When the FATF blacklists a state, it generally implies that the state has been placed under jurisdiction monitoring and has agreed to resolve the specified strategic drawbacks within acceded timespans.

After being included in the notorious ‘grey list,’ Mauritius wasted no time and effort to ensure the country was off that notorious list. The country had to periodically submit progress reports to the FATF, which it did. FATF representatives then scrutinize the reports and forward them for further discussion at a FATF Plenary session.

Thankfully, the plenary was pleased that all drawbacks had been remedied, and the country was duly withdrawn from the ‘grey list’. Currently, the country is successfully removed from the list of countries blacklisted by the FATF. It is indeed commendable that despite the covid-19 pandemic that hit all countries hard, Mauritius managed to remove itself from the list of blacklisted countries.

Mauritius’ Economic Relationship with Other Countries

Mauritius has successfully managed to mediate more than 8% of all Foreign Direct Investments into Africa. Managing such a feat goes a long way in showing how this jurisdiction is committed to remaining a significant commercial capital for trade, investment, and business structuring for both multinationals and high net worth people.

Mauritius is on a trajectory of attracting investments and becoming a competitive business hub for new markets. Testament to this is its solid bilateral economic relations with countries like Kenya.

Between Mauritius and Kenya exists a Double Taxation Avoidance Agreement (DTAA) that serves as a promotional tool for foreign investment. This agreement allows tax exemptions to all Mauritius and Kenyan residents and stimulates international investments without much ambiguity.

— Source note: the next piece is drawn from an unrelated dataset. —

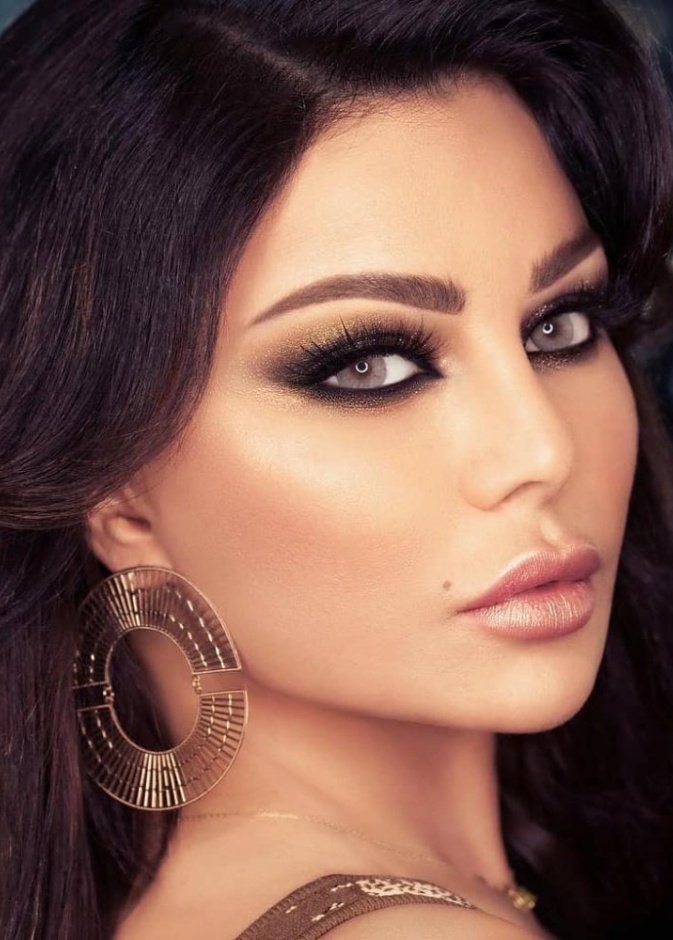 هيفاء وهبي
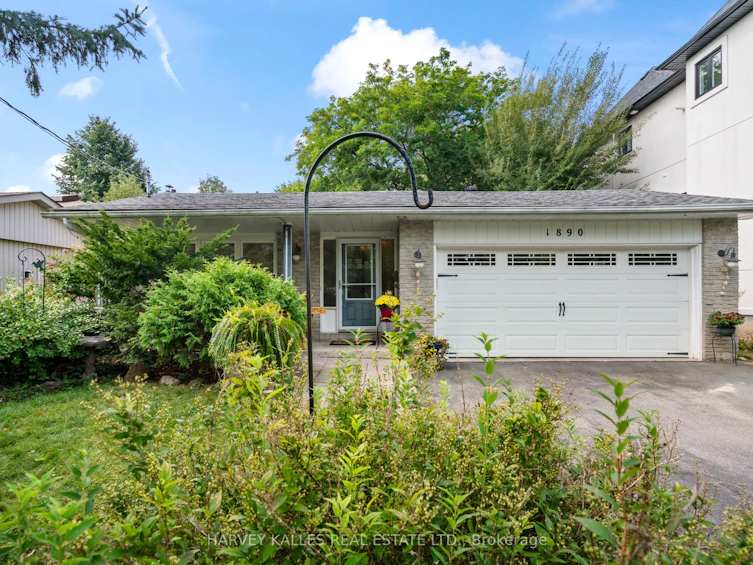 1890 Spruce Hill Road, Pickering, ON, L1V 1S7 - 36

Mauritius has for a long time been helping investors seeking a jurisdiction suitable for an ideal investment. Given the varied legal and technical facets, investors are generally advised on where and how to channel their investment.

Why would you invest in Mauritius?

For investors seeking to set up businesses in foreign countries, Mauritius is a country worth considering. The country has recently joined the list of high-income countries in Africa. It is worth noting that it reached this milestone despite the global COVID-19 pandemic, which ravaged the economy of most countries.

Mauritius is one of the many countries in Africa where it is easy for both locals and investors to do business.

On the World Bank’s Ease of Doing Business Index rating, Mauritius economy is ranked highest for multiple valid reasons, including;

  • Ideal location
  • Favourable tax laws
  • Openness to foreign investment
  • Liberalization of the financial and banking sector

Mauritius has a very good tax regime that greatly favours investors, both locals and foreigners. Their most attractive tax benefits comprise of :

  • No inheritance,
  • No exchange control,
  • No wealth or gift tax; and
  • No capital gains tax

Furthermore, their Corporate tax is less than 16%. With the country’s overall tax treaty network being quite solid, it is easy to see why this country is a world-beater when it comes to attracting investors.

Wrapping it up

If you are a property investor, it is hard to argue that Mauritius is an ideal destination to invest in. Given its proximity to South Africa, many people are currently buying pieces of property and investing in the beautiful island.

The island is also a 4-hour flight to and from Johannesburg airport. Given that Johannesburg remains a major business hub, investors can easily travel to and from Mauritius and easily transact business.

If you are thinking about investing in Mauritius, it’s not too late to implement that idea. With the delisting from the UK grey list, Mauritius has never been a better place to invest. It is obvious that their commitment to remain a reputable business hub is something solid to rely on as an investor.